For readers who are analytically inclined, Here is my cut at why shafts behave this way.

 When the shaft is flexed, what is holding it in position are inertial forces (the weight at the tip and the hands or a clamp at the butt) countered by spring forces in the shaft itself. None of the shaft bend is a permanent deformation; it is simply a spring reaction to the inertia of the mass at the tip.

When the shaft is rotated, it obviously rotates the mass at the tip. (See Figure A.) The rotation at the butt exerts torque on the shaft, which is transmitted the length of the shaft and rotates the weight.

But can the shaft exert a force to move the mass laterally around the butt's axis, so the bend itself rotates? (See Figure B.) Well, it could if it were permanently bent, but it is not.
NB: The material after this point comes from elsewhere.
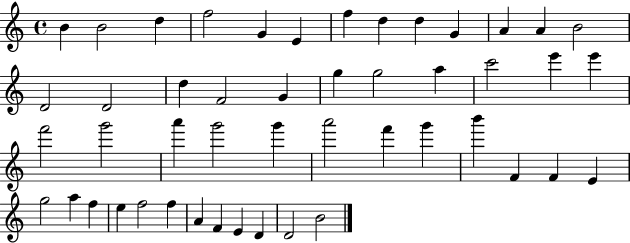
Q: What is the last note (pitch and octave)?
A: B4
As noted above, it is held in bend by spring forces and inertia of the tip weight. The mass wants to say where it is, or move in the direction it is already moving. The spring force simply wants to restore the shaft to straight along the butt axis. In order for the bend to rotate, there would have to be a considerable force (labeled "???" in Figure B) perpendicular to the plane of the bend -- and around the butt axis. I can't think of a single mechanism to transmit that sort of force down the shaft.

Even if you don't accept this explanation, there is no arguing with the answer to the original question. That has been shown unequivocally in the lab.